Data entries
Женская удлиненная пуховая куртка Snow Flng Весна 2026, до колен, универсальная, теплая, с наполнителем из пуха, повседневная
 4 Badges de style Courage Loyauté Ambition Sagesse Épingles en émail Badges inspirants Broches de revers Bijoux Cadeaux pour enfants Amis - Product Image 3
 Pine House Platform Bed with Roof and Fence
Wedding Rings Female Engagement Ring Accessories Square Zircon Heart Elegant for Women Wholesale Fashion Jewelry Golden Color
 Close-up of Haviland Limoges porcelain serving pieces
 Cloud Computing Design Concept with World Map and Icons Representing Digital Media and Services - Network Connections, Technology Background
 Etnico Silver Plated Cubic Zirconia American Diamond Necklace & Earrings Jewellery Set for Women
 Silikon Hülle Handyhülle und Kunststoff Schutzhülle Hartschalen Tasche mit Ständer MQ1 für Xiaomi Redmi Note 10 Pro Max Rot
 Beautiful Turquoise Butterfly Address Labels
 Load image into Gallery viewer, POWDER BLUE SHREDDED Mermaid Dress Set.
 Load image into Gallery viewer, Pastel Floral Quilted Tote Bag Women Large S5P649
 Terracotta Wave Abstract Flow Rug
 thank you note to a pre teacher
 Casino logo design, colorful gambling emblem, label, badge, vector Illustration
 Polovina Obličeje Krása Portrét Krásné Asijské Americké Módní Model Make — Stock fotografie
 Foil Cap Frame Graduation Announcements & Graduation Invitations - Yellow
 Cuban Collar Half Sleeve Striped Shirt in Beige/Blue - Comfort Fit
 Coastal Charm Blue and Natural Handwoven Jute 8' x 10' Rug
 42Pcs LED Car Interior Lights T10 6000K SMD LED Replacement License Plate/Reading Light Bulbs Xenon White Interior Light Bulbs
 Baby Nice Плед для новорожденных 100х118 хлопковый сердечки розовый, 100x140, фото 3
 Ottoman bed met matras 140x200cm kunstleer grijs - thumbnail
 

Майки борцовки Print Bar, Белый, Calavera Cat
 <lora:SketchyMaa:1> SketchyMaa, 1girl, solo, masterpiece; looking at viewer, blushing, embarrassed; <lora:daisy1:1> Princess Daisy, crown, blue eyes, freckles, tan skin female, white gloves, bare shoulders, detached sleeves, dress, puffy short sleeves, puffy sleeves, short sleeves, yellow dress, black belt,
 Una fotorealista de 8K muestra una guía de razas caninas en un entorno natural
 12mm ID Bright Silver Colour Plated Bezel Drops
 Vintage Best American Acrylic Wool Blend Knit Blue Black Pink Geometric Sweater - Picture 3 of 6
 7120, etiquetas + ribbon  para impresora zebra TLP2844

> _REQUIRED WORK_
Scan the records above for the lines holding "4 Badges de" and "Cloud Computing Design". Transcribe those two and every line between them word for word, and no others.

> _ANSWER TO THE PROBLEM_
 4 Badges de style Courage Loyauté Ambition Sagesse Épingles en émail Badges inspirants Broches de revers Bijoux Cadeaux pour enfants Amis - Product Image 3
 Pine House Platform Bed with Roof and Fence
Wedding Rings Female Engagement Ring Accessories Square Zircon Heart Elegant for Women Wholesale Fashion Jewelry Golden Color
 Close-up of Haviland Limoges porcelain serving pieces
 Cloud Computing Design Concept with World Map and Icons Representing Digital Media and Services - Network Connections, Technology Background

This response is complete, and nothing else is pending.